◆ Directions for this task ◆
Only one stretch of the data below is wanted: the lines starting at the one with "Garage EH.jpg" and ending at the one with "Céline Dion, son", both included, given again exactly.

Extracted records:
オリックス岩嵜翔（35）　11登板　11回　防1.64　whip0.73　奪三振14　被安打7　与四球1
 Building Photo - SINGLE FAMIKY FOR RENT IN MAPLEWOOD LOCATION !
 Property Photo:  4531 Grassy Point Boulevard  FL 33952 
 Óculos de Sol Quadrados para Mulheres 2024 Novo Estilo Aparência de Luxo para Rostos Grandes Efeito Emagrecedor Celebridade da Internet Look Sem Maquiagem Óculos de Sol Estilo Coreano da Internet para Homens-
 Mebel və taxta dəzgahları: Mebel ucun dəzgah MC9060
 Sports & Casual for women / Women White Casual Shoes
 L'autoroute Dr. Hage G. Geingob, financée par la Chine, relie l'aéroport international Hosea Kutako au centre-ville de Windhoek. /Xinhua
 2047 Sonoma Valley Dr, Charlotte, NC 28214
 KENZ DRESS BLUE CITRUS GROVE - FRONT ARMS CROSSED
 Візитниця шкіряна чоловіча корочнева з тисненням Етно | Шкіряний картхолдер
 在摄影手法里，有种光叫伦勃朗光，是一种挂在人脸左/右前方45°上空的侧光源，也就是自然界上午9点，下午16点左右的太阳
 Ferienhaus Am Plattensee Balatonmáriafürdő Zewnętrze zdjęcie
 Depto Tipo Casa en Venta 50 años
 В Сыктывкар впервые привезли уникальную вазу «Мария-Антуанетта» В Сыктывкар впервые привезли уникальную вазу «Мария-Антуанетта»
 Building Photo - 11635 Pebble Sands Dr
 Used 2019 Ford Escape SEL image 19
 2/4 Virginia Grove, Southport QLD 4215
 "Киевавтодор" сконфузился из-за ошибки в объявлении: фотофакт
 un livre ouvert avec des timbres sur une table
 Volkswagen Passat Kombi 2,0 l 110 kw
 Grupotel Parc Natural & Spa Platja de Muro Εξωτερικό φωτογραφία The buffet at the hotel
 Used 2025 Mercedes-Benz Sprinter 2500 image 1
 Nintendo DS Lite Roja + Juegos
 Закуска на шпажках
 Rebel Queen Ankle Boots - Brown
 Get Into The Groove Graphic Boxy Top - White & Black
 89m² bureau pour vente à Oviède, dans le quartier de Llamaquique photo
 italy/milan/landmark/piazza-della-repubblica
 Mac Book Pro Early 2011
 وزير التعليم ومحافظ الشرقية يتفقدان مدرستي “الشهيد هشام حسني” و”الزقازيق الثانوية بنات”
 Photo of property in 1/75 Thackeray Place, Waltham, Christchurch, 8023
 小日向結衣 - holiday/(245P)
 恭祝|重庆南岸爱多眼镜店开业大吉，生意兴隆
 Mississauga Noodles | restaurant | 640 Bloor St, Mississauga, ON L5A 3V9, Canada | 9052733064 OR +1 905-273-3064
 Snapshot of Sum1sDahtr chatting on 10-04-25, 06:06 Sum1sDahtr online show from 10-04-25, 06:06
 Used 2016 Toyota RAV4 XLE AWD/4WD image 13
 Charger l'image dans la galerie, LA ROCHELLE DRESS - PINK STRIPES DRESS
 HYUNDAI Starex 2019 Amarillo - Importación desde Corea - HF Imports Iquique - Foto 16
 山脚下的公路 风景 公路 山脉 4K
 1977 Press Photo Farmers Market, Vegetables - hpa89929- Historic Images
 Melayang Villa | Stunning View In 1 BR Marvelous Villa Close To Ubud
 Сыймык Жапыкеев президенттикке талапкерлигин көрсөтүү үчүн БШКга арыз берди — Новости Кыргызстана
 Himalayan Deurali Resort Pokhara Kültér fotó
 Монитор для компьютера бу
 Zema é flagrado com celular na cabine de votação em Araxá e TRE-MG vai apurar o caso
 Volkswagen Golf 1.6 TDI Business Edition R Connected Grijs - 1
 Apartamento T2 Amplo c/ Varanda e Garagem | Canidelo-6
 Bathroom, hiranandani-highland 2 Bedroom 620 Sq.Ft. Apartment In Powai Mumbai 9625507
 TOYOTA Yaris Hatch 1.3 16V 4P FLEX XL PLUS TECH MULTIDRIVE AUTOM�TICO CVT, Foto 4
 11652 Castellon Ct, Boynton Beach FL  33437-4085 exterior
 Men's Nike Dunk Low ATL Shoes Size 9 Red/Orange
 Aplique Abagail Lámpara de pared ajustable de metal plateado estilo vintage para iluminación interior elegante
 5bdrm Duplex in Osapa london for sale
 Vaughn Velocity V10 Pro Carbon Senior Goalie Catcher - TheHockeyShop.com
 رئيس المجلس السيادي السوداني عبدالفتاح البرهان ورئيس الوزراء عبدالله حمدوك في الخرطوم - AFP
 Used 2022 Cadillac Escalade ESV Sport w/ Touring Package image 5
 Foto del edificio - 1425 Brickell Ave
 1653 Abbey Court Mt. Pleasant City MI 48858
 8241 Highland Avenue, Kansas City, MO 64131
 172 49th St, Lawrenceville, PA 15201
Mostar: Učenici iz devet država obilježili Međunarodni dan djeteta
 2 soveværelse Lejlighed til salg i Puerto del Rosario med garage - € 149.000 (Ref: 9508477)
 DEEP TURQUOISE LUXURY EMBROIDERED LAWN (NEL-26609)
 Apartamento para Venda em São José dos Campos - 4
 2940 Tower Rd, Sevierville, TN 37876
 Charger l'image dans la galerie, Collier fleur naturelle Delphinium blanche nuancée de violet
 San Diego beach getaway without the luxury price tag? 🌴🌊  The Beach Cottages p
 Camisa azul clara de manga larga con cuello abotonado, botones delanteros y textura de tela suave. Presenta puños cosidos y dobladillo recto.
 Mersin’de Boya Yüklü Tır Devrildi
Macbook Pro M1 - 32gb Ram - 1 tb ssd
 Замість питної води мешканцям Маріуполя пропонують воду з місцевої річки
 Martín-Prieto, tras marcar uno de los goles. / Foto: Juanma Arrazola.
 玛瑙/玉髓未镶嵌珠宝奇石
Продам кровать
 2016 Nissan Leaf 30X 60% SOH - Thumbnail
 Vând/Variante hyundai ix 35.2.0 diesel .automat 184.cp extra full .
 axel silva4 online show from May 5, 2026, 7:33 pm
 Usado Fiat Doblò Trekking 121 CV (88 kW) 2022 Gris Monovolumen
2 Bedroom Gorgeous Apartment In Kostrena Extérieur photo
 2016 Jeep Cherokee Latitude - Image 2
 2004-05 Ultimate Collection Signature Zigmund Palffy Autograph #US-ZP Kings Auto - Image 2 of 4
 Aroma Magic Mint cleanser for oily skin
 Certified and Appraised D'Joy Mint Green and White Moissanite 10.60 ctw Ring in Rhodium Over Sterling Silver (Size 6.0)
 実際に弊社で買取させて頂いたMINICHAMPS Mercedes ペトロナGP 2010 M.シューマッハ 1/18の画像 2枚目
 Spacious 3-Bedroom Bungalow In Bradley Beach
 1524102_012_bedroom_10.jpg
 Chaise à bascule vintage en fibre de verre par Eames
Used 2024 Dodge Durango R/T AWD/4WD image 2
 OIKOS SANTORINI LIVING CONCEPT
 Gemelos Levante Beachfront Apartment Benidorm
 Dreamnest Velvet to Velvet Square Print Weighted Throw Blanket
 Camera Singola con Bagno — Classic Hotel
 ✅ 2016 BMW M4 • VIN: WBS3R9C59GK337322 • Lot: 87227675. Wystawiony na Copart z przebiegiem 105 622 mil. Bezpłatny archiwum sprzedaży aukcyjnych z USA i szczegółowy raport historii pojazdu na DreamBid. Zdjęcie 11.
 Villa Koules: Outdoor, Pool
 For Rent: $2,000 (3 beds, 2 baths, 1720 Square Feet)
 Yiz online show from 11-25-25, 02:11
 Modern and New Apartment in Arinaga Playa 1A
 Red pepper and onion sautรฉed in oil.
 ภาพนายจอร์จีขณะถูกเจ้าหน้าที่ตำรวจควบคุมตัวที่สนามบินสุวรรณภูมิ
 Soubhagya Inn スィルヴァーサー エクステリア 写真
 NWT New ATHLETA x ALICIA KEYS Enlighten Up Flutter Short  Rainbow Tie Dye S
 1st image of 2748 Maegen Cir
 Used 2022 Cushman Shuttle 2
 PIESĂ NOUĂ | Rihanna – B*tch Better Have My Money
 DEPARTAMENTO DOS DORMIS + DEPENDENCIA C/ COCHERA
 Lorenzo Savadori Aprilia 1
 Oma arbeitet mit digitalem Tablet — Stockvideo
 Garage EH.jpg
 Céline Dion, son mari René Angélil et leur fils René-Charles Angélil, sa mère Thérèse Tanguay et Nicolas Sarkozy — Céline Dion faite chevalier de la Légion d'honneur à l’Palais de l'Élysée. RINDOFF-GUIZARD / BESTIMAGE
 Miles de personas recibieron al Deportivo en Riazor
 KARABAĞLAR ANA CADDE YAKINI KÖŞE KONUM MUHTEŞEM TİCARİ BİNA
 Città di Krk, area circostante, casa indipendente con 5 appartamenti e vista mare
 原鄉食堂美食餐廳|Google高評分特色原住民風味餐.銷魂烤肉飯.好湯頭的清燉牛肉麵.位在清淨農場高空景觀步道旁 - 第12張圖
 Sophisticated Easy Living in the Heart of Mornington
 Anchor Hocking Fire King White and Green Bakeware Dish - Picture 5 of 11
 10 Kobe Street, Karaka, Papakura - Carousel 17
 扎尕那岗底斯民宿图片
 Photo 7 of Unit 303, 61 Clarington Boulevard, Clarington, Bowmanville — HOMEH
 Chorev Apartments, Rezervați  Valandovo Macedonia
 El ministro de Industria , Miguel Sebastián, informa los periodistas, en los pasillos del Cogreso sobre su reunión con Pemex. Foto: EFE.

◆ Response ◆
 Garage EH.jpg
 Céline Dion, son mari René Angélil et leur fils René-Charles Angélil, sa mère Thérèse Tanguay et Nicolas Sarkozy — Céline Dion faite chevalier de la Légion d'honneur à l’Palais de l'Élysée. RINDOFF-GUIZARD / BESTIMAGE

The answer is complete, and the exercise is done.